[Given material Boundary: Start]

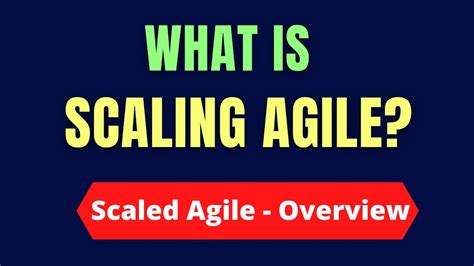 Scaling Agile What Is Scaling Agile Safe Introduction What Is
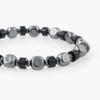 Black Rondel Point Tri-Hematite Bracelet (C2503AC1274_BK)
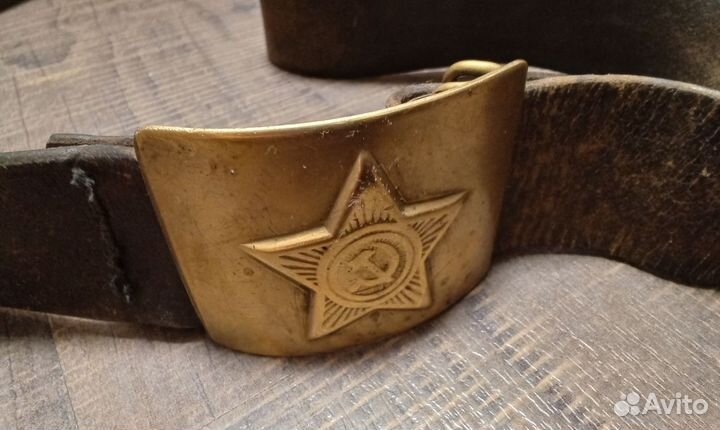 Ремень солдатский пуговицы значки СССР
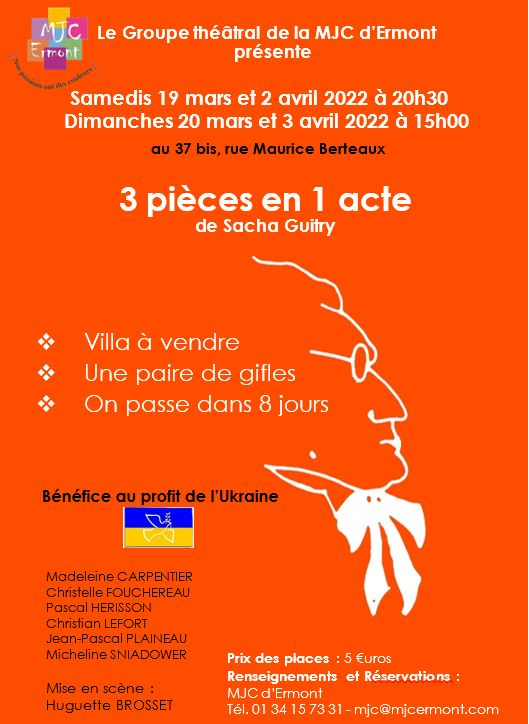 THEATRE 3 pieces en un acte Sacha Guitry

[Given material Boundary: End]

### Exercise prompt
Everything in the listing must be copied exactly except the pictures.

### Exercise response
 Scaling Agile What Is Scaling Agile Safe Introduction What Is
 Black Rondel Point Tri-Hematite Bracelet (C2503AC1274_BK)
 Ремень солдатский пуговицы значки СССР
 THEATRE 3 pieces en un acte Sacha Guitry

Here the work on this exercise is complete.